→ Material provided
◇ ◇ ◇ ◇ ◇ ◇ ◇
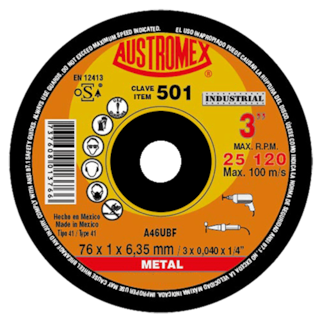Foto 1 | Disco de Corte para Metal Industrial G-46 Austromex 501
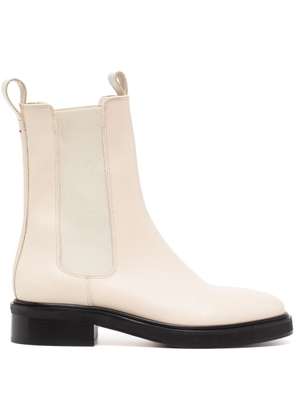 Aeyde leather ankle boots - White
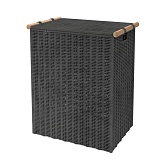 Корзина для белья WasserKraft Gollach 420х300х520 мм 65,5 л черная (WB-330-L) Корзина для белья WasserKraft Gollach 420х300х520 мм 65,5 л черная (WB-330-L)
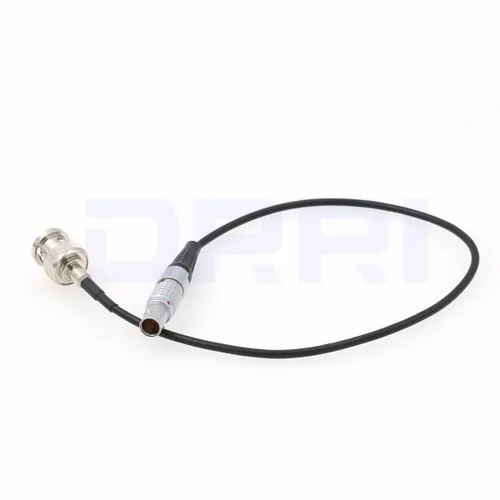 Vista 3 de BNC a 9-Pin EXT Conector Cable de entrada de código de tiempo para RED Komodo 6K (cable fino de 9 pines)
◇ ◇ ◇ ◇ ◇ ◇ ◇
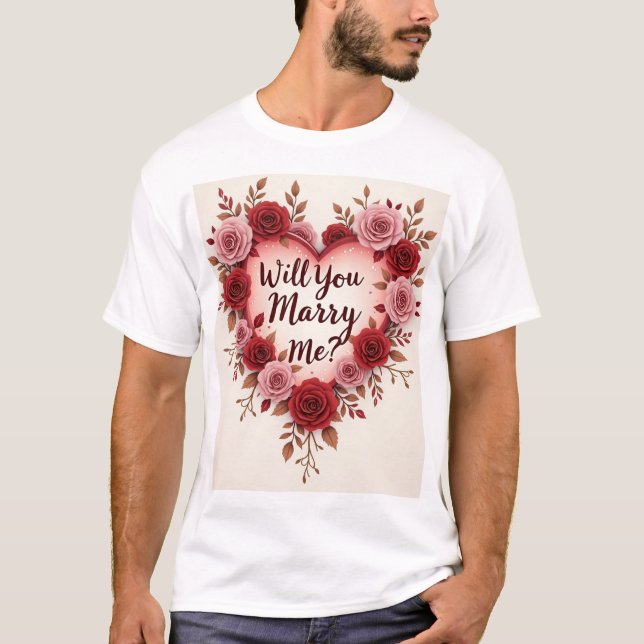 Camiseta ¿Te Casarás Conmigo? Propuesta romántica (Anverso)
◇ ◇ ◇ ◇ ◇ ◇ ◇
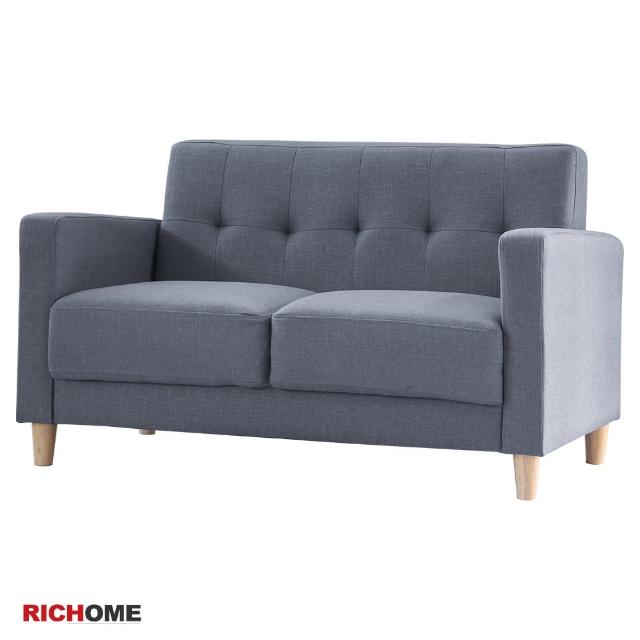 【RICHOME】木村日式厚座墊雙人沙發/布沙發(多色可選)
◇ ◇ ◇ ◇ ◇ ◇ ◇
→ Exercise objective
Start with the line with "Aeyde leather ankle boots - White" in the listing above and stop after the line with "Vista 3 de BNC". Write out exactly the lines in that stretch and no others, without pictures.

→ Problem solution
 Aeyde leather ankle boots - White
 Корзина для белья WasserKraft Gollach 420х300х520 мм 65,5 л черная (WB-330-L) Корзина для белья WasserKraft Gollach 420х300х520 мм 65,5 л черная (WB-330-L)
 Vista 3 de BNC a 9-Pin EXT Conector Cable de entrada de código de tiempo para RED Komodo 6K (cable fino de 9 pines)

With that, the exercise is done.